Given a sequence of integers, d[1],d[2],…,d[N] (1<=N<=100,000), find the consecutive subsequnce such that the bitwise XOR between the subsequence has the maximum value. (0<=d[i]<(2^21))

Solution

At first, we need to know a property of xor (exclusive or) operation:

If a xor b equals c, then the xor of any two of a,b,c, equals the other one.

Let xr[i] be the xor of d[1],d[2],…,d[i], 1<=i<=N. Suppose xr[0]=0, then the xor of the sequence d[i],…,d[j] equals xr[i-1] xor xr[j].
Apparently, the maximam value is max{xr[i] xor xr[j]}, where 0<=i<j<=N.

For each j, 1<=j<=N, we only need to find an i (0<=i<j), such that xr[i] xor xr[j] is maximal. That is, we need to find a xr[i] which is most different from x[j]. Since N can be as large as 100,000, we need to use an algorithm faster than O(N^2).
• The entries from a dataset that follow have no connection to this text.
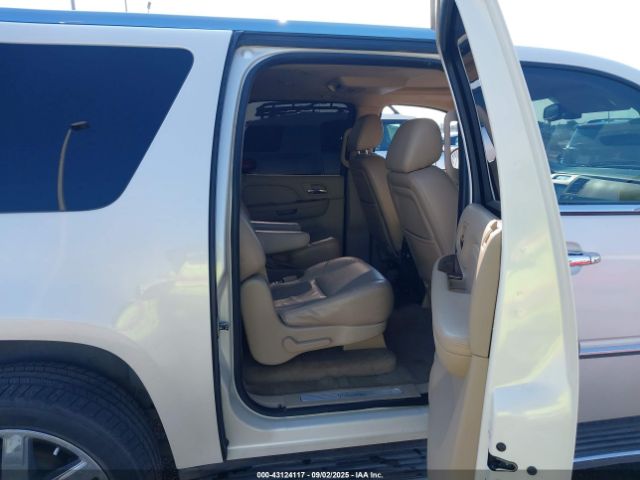2009 CADILLAC ESCALADE ESV 1GYFK26289R299748 Photo 7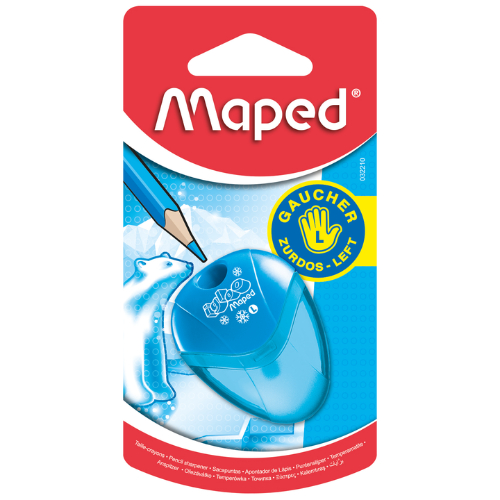 [1000363] Maped Sacapunta I-Gloo Para Zurdo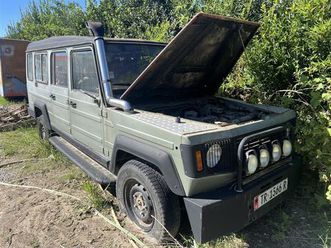 force tempo 2007 motorr 2.5 nafte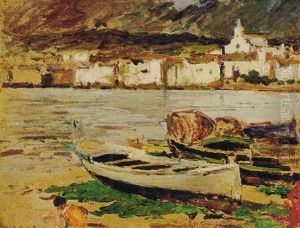 Barcas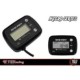TK1100 PZRACING Thermy K - INDICATORE DI TEMPERATURA A SINGOLA TERMOCOPPIA universale auto moto scooter kart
Note that d[i] is in the range from 0 to (2^21)-1, so xr[i] is also in this range, and its binary representation has at most 21 digits.

Limited length and limited options for each digit lead me to think about Trie, which can greatly reduce time complexity. So I used Trie to keep values of the array xr.

Code

nclude <iostream>
#include <fstream>

using namespace std;
const int max_len = 21;
const int maxn = 100002;

int n,d[maxn];
int ans,st,en;

struct Node
{
public:
	int rank;
	Node *l,*r;

	Node() { rank=0; l=r=NULL; }
	void add(int cur,int r);
} trie;

void Node::add(int cur,int r)
{
	int idx = max_len,tmp;
	Node *p = &trie;

	while(idx>=0 && p!=NULL)
	{
		tmp=cur&(1<<idx);
		if(tmp==0)
		{
			if(p->l==NULL)
				p->l=new Node();
			p=p->l;
		}
		else
		{
			if(p->r==NULL)
				p->r=new Node();
			p=p->r;
		}
		idx--;
	}

	p->rank=r;
}

void find_best(int cur,int cur_end)
{
	int idx = max_len,tmp;
	Node *p = &trie, *q;

	while(idx>=0 && p!=NULL)
	{
		int tmp=cur&(1<<idx);
		if(tmp==0)
		{
			if(p->r!=NULL) q=p->r;
			else q=p->l;
		}
		else
		{
			if(p->l!=NULL) q=p->l;
			else q=p->r;
		}
		p=q;
		idx--;
	}

	tmp = (d[p->rank]) ^ cur;
	if(tmp>ans)
	{
		ans=tmp;
		st=p->rank+1;
		en=cur_end;
	}
}

int main()
{
	fstream fin("cowxor.in",ios::in);
	fstream fout("cowxor.out",ios::out);

	trie.add(0,0);
	ans=-1;

	fin>>n;
	for(int i=1;i<=n;i++)
	{
		fin>>d[i];
		d[i]^=d[i-1];
		find_best(d[i],i);

		trie.add(d[i],i);
	}

	fout<<ans<<" "<<st<<" "<<en<<endl;
	fin.close();
	fout.close();
	return 0;
}